奨学金とは、経済的理由で進学が困難な学生を支援するため、学費や生活費に充てるお金を貸与または給付する制度です。教育ローンと奨学金はどちらも教育費をまかなうための制度ですが、仕組みや借りる人、資金の受け取り方などが大きく異なります。
教育ローンは誰が借りるのか
まず、教育ローンは親(保護者)が契約者となるため、親の信用力や所得をもとに審査が行われます。

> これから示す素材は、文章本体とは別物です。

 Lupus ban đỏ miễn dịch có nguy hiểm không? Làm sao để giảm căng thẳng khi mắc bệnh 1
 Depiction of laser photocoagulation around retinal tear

返済の責任も親にあり、子どもが返済義務を負うことはありません。一方で、奨学金は学生本人が申し込む制度で、世帯収入のほか子どもの学業成績や在学状況などの要件を満たす必要があります。
資金の受け取り方の違い
資金の受け取り方にも違いがあります。教育ローンは、必要な金額を一括で借り入れ、入学金や授業料などのまとまった支出にすぐ充てることができます。これに対して奨学金は、在学期間中に毎月一定額が支給される仕組みで、入学直後の大きな出費には間に合わない可能性があります。
教育費の現状と必要性

教育費は子どもの年齢が上がるほど多くかかります。特に大学や専門学校に進学するときには、まとまった金額が必要です。教育費の現状を知っておきましょう。
大学・専門学校の学費はどれくらい?
2025年(令和7年)時点では、国公立大学の入学金は約28万円、年間の授業料は約54万円です。4年間通う場合には約240万円がかかります。国公立大学では学部による学費の差は基本的にありません。
私立大学の学費は学部によって差があります。施設費も含めると、文系は4年間で約411万円、理系は4年間で約542万円です。さらに、医学部・歯学部など医療系の学部は学費が高額なうえに6年制であるため、トータル約2,400万円 がかかります。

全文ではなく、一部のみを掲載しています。